El caminante que sigue la ruta de Alfonso II hacia Santiago se adentra en la fábrica de la historia compostelana y en el corazón de una Asturias bella, solitaria y silenciosa

El Camino Primitivo: con los ojos del primer peregrino

Al llegar a Oviedo tras recorrer el Camino de la Costa, tuve la impresión de adentrarme en la fábrica de la historia compostelana, allí donde todo empezó, en los albores del siglo IX, después del descubrimiento de una misteriosa tumba, atribuida al apóstol Jaime el Mayor.
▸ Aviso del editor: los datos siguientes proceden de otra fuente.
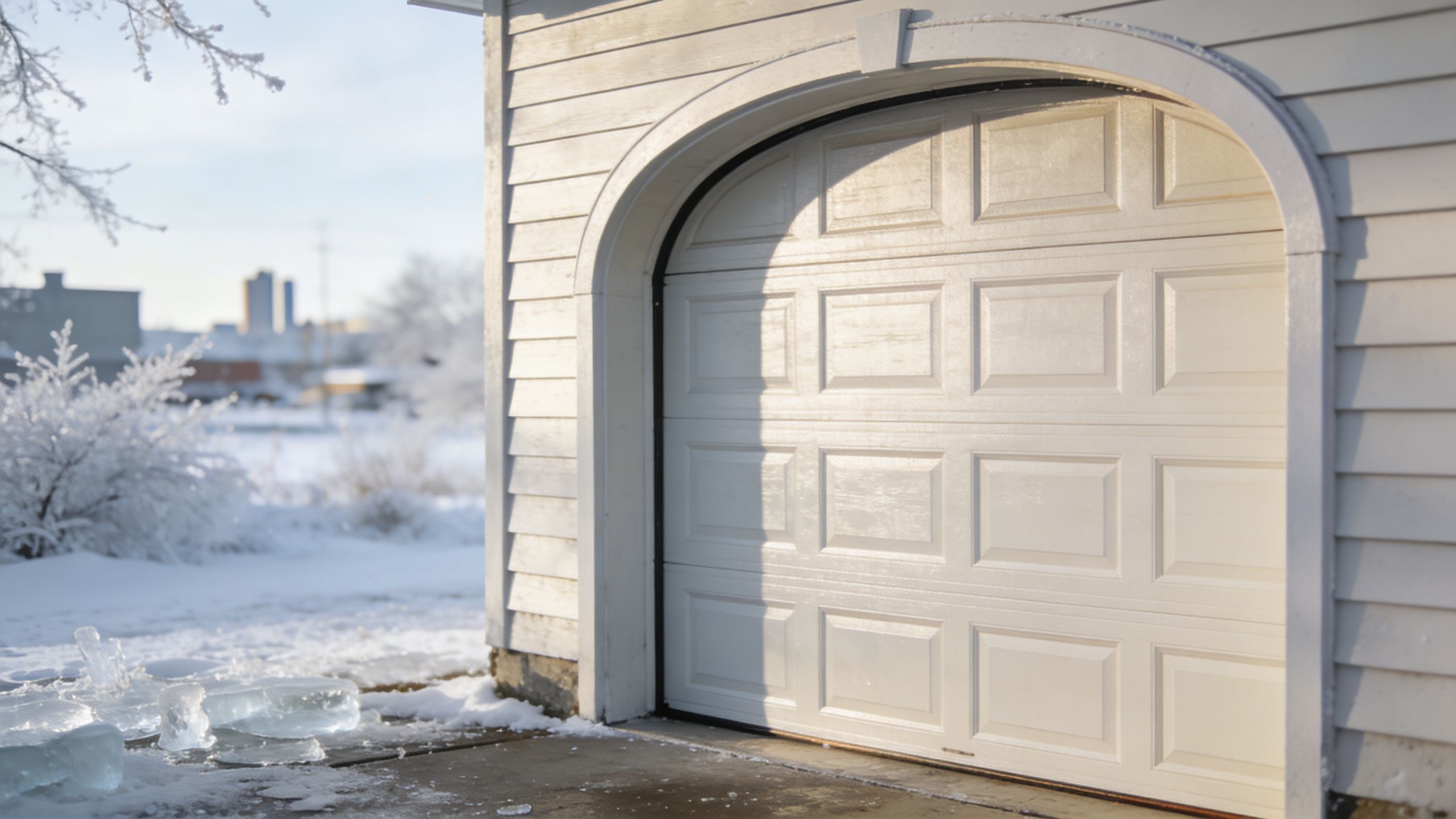 A classic white arched garage door installed on a residential house during a snowy winter day.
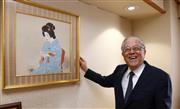 日本画の巨匠、伊東深水氏が香り文化を代表するロングセラー商品「花の花」を一緒に描いた貴重な作品と
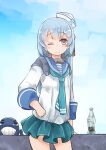  1girl alternate_hairstyle blue_hair blue_sailor_collar blue_skirt blue_sky bottle brown_eyes cloud coca-cola commentary_request commission cowboy_shot dixie_cup_hat enjaku_izuku hair_down hat highres kantai_collection little_blue_whale_(kancolle) long_hair long_sleeves military_hat one_eye_closed pleated_skirt sailor_collar samuel_b._roberts_(kancolle) samuel_b._roberts_mk_ii_(kancolle) school_uniform serafuku shirt skirt sky soda_bottle solo whale white_headwear white_shirt 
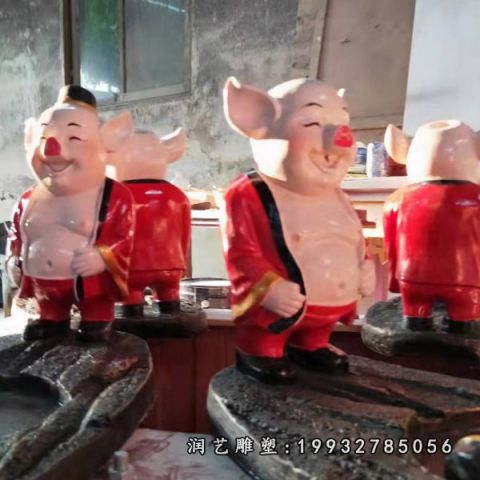 玻璃钢卡通猪八戒雕塑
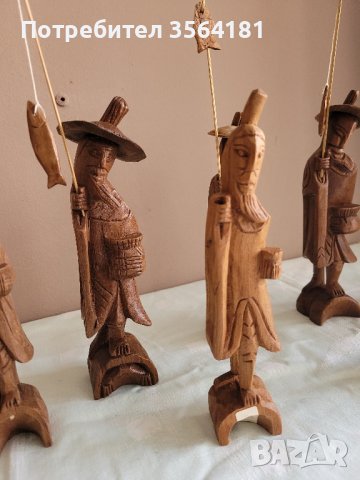 дървени статуетки на рибари, снимка 3 - Статуетки - 42027916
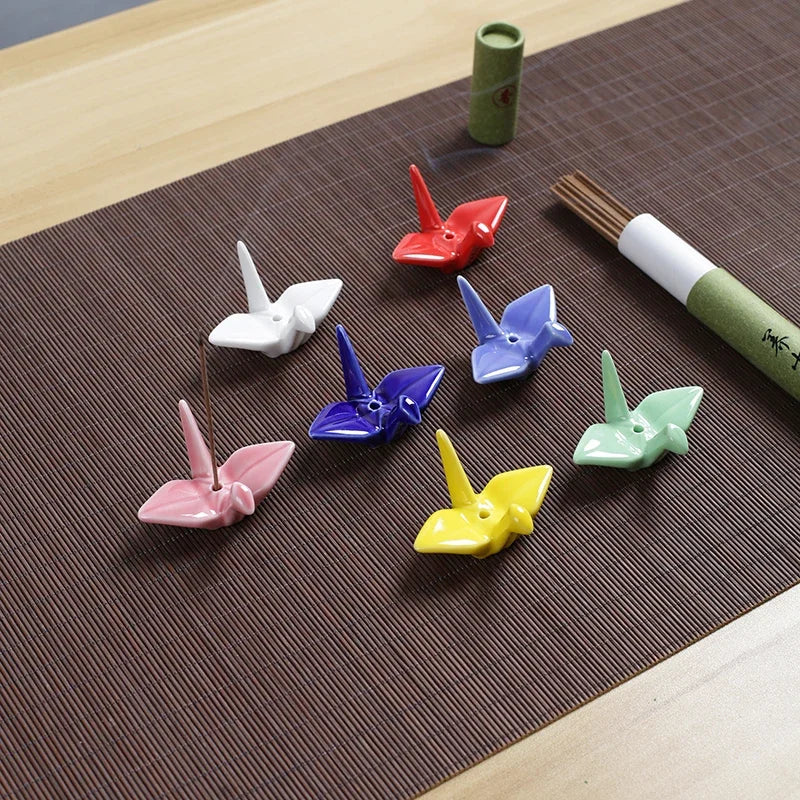 Thousand Paper Crane Shaped Incense Stand Holder Ceramic Incense Burner Stick Rack DIY Home Decoration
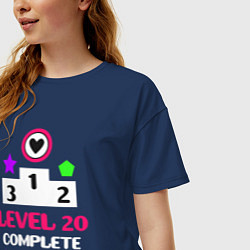 Футболка оверсайз женская 20 уровень пройден, цвет: тёмно-синий — фото 2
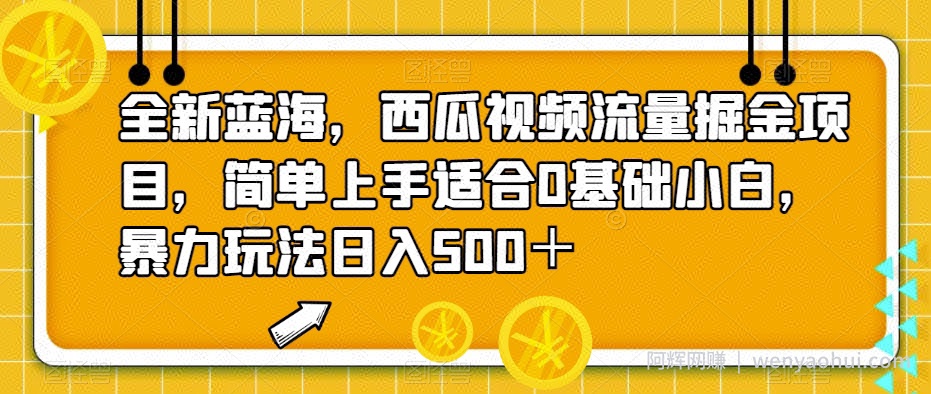 全新蓝海，西瓜视频流量掘金项目，简单上手适合0基础小白，暴力玩法日入500＋【揭秘】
Alfonso II el Casto, habiendo establecido en dicha Ciudad la sede de la nueva capital del reino y la punta de lanza de la Reconquista de la España -sometida al yugo moro desde hacía más de un siglo-, partió rumbo al fin de las tierras del Occidente cristiano para celebrar allí la invención de las reliquias que iban a revolucionar el mundo medieval, impregnado de fervor y piedad. Con esta manifestación contundente, acababa de impulsar, sin saberlo, una de las más importantes peregrinaciones de la cristiandad, junto con Roma y Jerusalén.

Ya entrado en el Camino Primitivo el peregrino, conforme va adelantándose hacia lo desconocido, accede también a lo largo de las etapas y en el marco de un paisaje magnífico y salvaje, entre cielo y tierra, a otros caminos más hondos: los del conocimiento. Pequeño y gran patrimonio jacobeo, ciudades de arte e historia... Allí donde Grado, San Salvador de Cornellana, Salas, Grandas de Salime llaman a las quimeras de un pasado memorable, Oviedo, Lugo, Melide, ya en Galicia, valoran y ensanchan el lirismo de los siglos. Sobre este lienzo de fondo excepcional van acuñándose las largas jornadas de andanzas por sierras y valles, compuestas de pequeños eventos y encuentros sorprendentes.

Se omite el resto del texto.